[Start of Attachment]

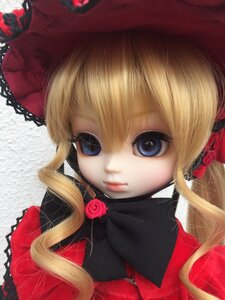 Rating: Safe Score: 0 Tags: 1girl bangs blonde_hair blue_eyes bonnet bow closed_mouth doll eyelashes flower lips long_hair looking_at_viewer pink_rose portrait red_flower red_rose rose shinku solo twintails User: admin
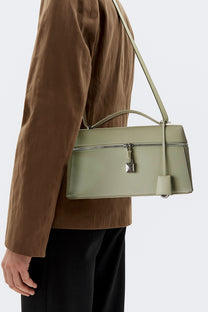 <tc>Loro Piana</tc> 女士 Extra 包 L27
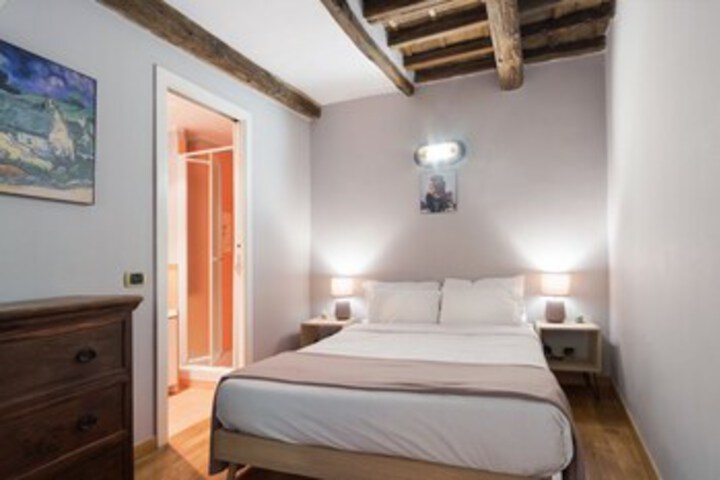 Room 16 of 25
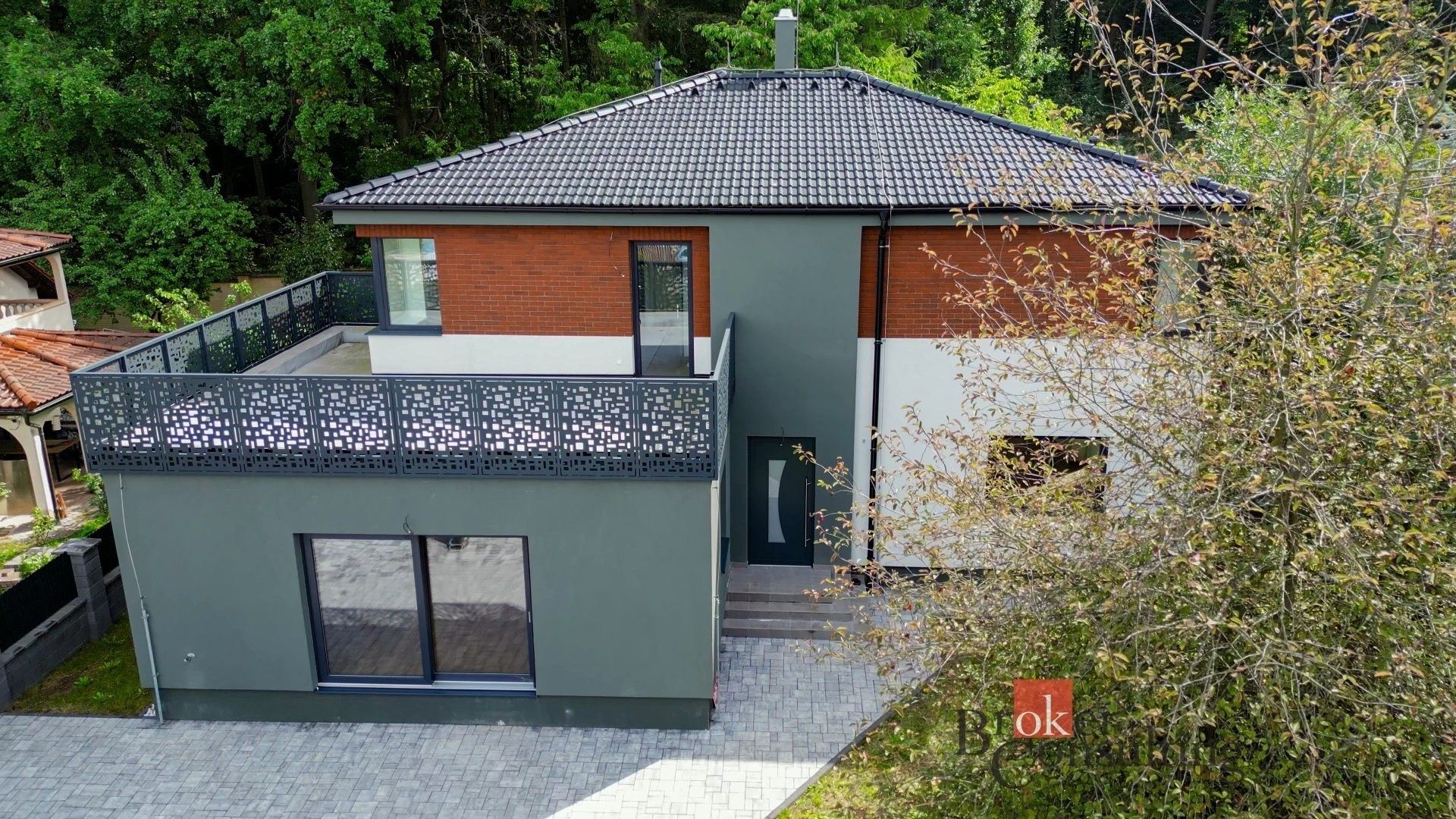 Vily, Borůvková, Plzeň, 316 m² - 2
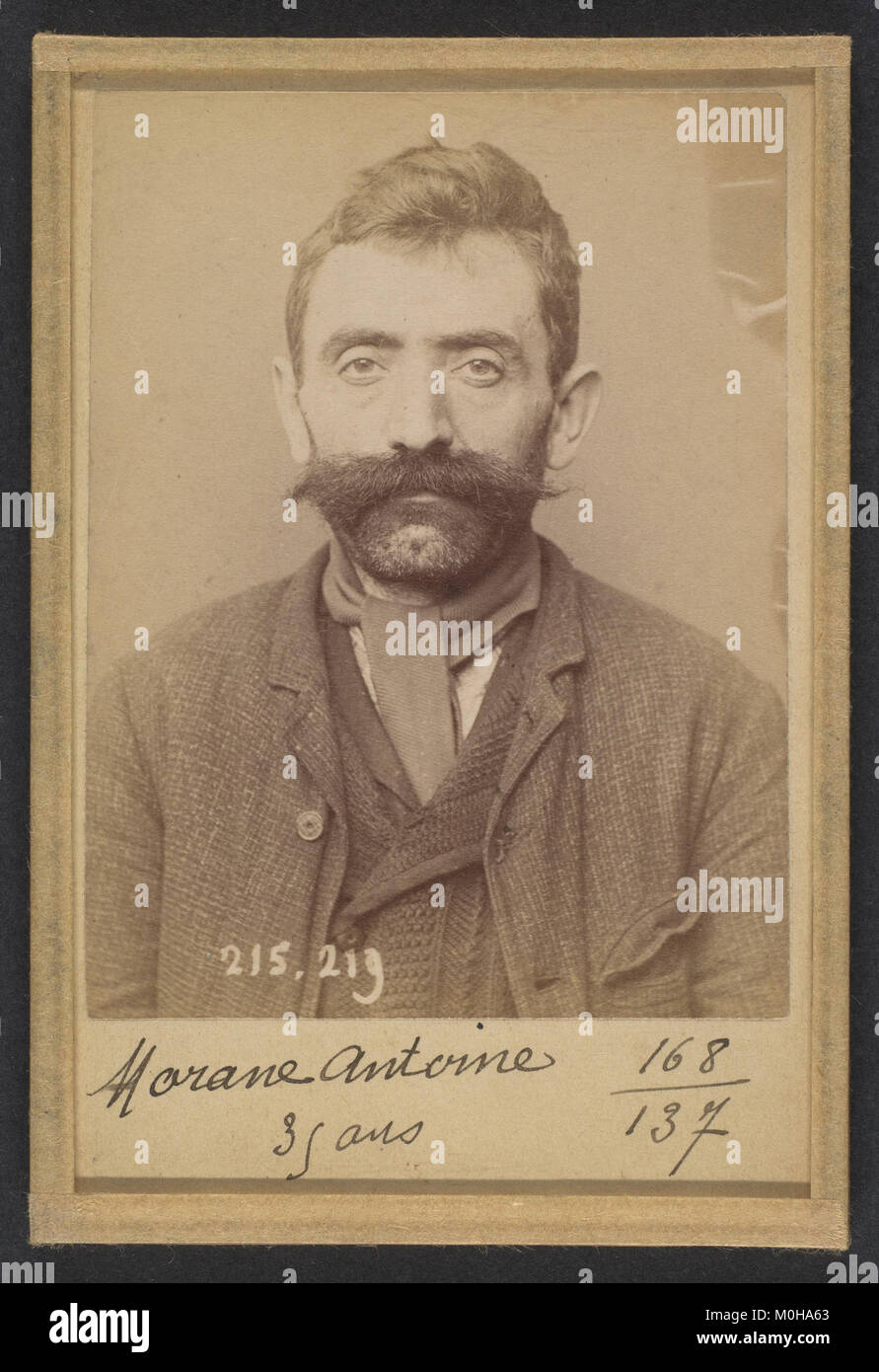 Porträt von Antoine Morane, einem Anarchist aus Chalinargue, Kantal, Frankreich, der den politischen Aktivismus des frühen 20. Jahrhunderts und die individuelle Beteiligung an anarchistischen Bewegungen repräsentiert. Stockfoto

[End of Attachment]

▸ TASK DETAILS
These entries are to be printed again word for word, except for the pictures.

▸ WRITTEN RESPONSE
 Rating: Safe Score: 0 Tags: 1girl bangs blonde_hair blue_eyes bonnet bow closed_mouth doll eyelashes flower lips long_hair looking_at_viewer pink_rose portrait red_flower red_rose rose shinku solo twintails User: admin
 <tc>Loro Piana</tc> 女士 Extra 包 L27
 Room 16 of 25
 Vily, Borůvková, Plzeň, 316 m² - 2
 Porträt von Antoine Morane, einem Anarchist aus Chalinargue, Kantal, Frankreich, der den politischen Aktivismus des frühen 20. Jahrhunderts und die individuelle Beteiligung an anarchistischen Bewegungen repräsentiert. Stockfoto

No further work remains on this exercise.